Data extracted from a collection:
-*-
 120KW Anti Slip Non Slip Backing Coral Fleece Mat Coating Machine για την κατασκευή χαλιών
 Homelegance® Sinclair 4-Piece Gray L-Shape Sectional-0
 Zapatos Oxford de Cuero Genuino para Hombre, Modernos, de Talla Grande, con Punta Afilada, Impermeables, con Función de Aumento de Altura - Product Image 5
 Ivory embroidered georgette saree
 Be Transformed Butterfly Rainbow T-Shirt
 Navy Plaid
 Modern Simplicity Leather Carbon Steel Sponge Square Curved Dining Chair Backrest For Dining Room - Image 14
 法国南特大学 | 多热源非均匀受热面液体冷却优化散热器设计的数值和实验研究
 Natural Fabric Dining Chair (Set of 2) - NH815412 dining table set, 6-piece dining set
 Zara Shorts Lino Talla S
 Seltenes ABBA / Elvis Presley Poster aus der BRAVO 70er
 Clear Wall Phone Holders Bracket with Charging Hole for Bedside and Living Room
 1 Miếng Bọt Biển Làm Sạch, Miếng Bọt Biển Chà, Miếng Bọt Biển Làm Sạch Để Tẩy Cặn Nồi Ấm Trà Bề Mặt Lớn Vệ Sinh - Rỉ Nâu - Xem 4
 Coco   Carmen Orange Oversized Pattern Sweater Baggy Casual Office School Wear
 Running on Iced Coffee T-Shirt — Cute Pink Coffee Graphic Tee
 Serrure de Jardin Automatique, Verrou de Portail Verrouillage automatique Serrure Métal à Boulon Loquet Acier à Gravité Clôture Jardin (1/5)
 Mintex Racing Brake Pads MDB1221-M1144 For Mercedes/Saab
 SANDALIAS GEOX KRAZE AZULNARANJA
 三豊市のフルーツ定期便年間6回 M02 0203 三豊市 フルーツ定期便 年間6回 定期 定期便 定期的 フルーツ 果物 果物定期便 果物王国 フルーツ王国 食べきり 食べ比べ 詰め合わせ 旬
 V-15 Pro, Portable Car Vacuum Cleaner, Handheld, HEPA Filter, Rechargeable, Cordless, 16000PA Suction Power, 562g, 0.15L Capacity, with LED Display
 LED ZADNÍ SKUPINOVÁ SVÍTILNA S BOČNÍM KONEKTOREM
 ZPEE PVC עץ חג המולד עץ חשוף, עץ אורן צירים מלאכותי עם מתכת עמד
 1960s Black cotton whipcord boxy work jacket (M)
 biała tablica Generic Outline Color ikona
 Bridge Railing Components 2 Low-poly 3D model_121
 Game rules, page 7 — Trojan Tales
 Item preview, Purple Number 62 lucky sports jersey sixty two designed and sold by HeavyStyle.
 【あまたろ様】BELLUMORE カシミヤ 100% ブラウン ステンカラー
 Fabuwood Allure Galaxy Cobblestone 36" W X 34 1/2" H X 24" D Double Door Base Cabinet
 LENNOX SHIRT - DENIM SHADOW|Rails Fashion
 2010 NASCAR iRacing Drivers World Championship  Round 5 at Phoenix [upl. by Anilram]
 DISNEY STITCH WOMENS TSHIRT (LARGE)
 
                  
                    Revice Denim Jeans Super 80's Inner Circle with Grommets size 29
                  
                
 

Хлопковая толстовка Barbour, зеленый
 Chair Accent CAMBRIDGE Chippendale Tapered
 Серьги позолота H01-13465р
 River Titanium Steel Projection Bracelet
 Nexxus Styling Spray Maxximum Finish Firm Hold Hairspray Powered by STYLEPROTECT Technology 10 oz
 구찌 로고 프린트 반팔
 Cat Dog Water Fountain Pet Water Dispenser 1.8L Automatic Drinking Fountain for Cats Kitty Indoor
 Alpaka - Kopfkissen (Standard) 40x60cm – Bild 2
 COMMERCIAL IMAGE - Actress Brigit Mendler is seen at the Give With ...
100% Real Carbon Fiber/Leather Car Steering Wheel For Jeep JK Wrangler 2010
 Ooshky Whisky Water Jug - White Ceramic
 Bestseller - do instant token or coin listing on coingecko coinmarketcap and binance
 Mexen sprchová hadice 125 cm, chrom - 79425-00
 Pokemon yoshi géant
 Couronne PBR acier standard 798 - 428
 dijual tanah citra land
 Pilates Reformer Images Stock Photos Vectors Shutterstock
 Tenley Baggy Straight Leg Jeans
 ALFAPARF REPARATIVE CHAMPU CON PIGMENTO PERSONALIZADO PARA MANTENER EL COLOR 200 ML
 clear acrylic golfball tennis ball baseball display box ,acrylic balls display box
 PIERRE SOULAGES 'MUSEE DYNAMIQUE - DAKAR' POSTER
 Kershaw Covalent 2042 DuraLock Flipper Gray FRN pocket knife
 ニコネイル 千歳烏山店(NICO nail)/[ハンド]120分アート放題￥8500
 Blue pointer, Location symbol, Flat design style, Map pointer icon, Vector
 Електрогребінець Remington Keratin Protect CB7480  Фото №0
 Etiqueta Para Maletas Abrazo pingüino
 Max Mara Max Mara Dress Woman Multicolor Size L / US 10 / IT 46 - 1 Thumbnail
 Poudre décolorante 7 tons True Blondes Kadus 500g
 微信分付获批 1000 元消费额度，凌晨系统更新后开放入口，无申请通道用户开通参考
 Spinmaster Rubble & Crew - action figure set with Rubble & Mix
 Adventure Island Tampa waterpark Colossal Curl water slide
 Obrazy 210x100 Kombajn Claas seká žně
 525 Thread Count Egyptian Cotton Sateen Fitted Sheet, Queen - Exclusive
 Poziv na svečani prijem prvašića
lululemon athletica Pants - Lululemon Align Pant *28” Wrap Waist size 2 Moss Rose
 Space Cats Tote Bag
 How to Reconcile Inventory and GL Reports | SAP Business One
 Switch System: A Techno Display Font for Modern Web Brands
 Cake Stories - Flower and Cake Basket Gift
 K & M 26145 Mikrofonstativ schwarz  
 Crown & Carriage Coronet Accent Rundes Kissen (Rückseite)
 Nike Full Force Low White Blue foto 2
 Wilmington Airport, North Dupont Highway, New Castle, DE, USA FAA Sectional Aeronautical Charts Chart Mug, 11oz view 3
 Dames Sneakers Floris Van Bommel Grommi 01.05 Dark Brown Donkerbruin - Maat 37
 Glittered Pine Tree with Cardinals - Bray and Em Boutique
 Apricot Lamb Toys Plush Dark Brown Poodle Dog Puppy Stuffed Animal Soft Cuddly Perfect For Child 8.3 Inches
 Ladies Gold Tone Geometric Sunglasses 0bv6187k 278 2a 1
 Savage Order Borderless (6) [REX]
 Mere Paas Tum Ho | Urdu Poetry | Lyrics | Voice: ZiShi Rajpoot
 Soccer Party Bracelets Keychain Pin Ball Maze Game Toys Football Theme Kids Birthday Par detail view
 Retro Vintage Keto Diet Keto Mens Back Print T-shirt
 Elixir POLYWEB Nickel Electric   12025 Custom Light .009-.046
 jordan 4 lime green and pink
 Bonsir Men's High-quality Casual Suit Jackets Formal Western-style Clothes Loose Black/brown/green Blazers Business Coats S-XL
-*-
## HOW TO COMPLETE THIS TASK
All lines above from the line with "Adventure Island Tampa" through the line with "Dames Sneakers Floris", both included, are to be set down exactly, with nothing else.

## ANSWER SECTION
 Adventure Island Tampa waterpark Colossal Curl water slide
 Obrazy 210x100 Kombajn Claas seká žně
 525 Thread Count Egyptian Cotton Sateen Fitted Sheet, Queen - Exclusive
 Poziv na svečani prijem prvašića
lululemon athletica Pants - Lululemon Align Pant *28” Wrap Waist size 2 Moss Rose
 Space Cats Tote Bag
 How to Reconcile Inventory and GL Reports | SAP Business One
 Switch System: A Techno Display Font for Modern Web Brands
 Cake Stories - Flower and Cake Basket Gift
 K & M 26145 Mikrofonstativ schwarz  
 Crown & Carriage Coronet Accent Rundes Kissen (Rückseite)
 Nike Full Force Low White Blue foto 2
 Wilmington Airport, North Dupont Highway, New Castle, DE, USA FAA Sectional Aeronautical Charts Chart Mug, 11oz view 3
 Dames Sneakers Floris Van Bommel Grommi 01.05 Dark Brown Donkerbruin - Maat 37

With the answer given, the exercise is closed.